▸ **Task**: When a picture appears in the listing, leave it out and copy the rest exactly as it stands.

▸ **Supplied material**:
>>>

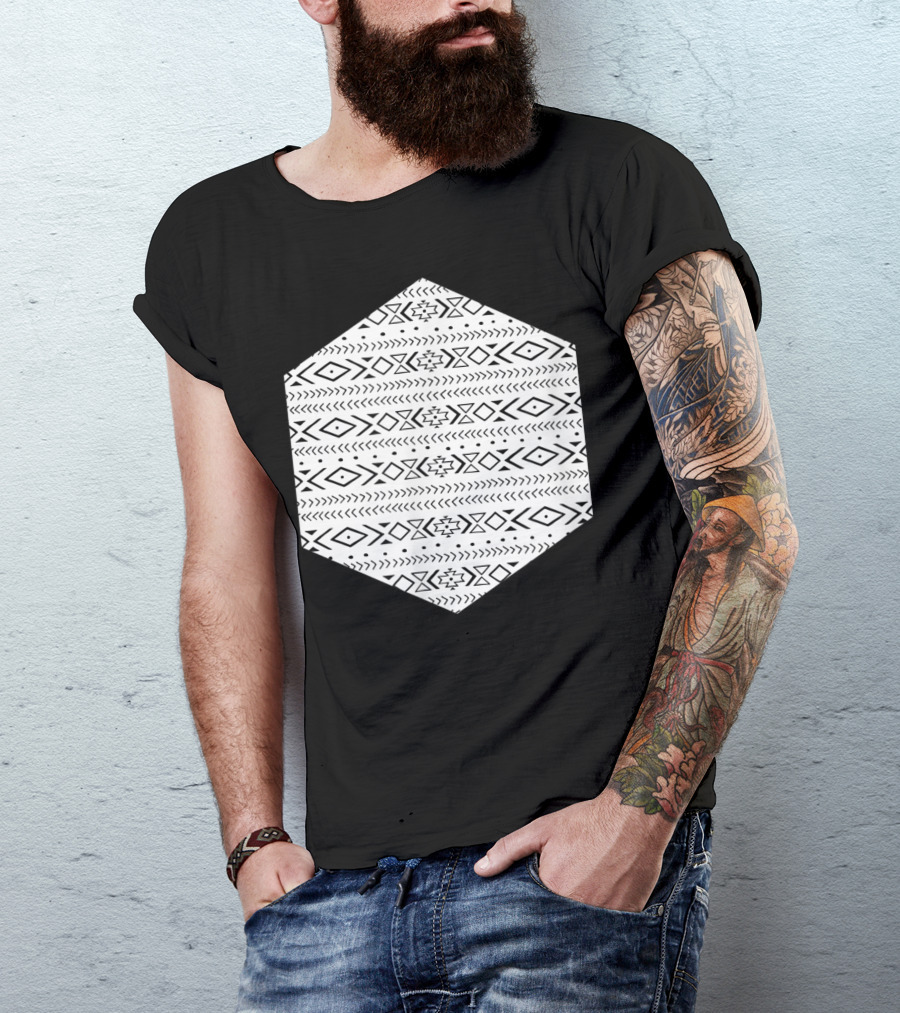 Boho Aztec Ethno Hexagon Geometry Hipster Pattern Fg T-Shirt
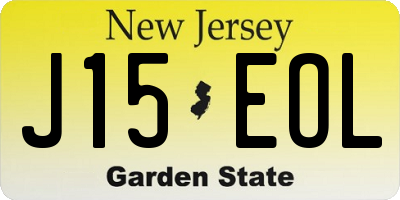 NJ license plate J15EOL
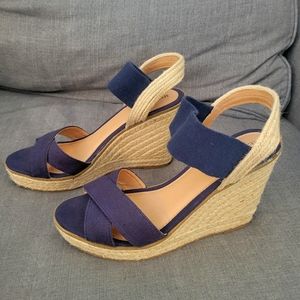 Merona Tan & Blue Espadrilles Wedges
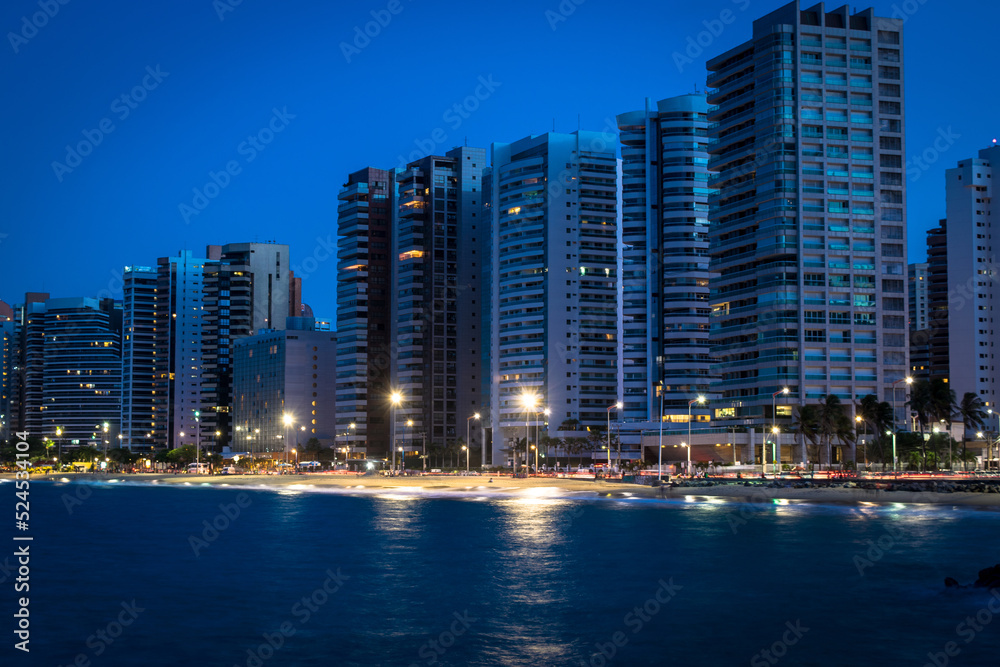 Night photo of the coast of Fortaleza - Ceará - Brazil. Iracema Beach.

<<<

▸ **Result below**:
 Boho Aztec Ethno Hexagon Geometry Hipster Pattern Fg T-Shirt
 NJ license plate J15EOL
 Merona Tan & Blue Espadrilles Wedges
 Night photo of the coast of Fortaleza - Ceará - Brazil. Iracema Beach.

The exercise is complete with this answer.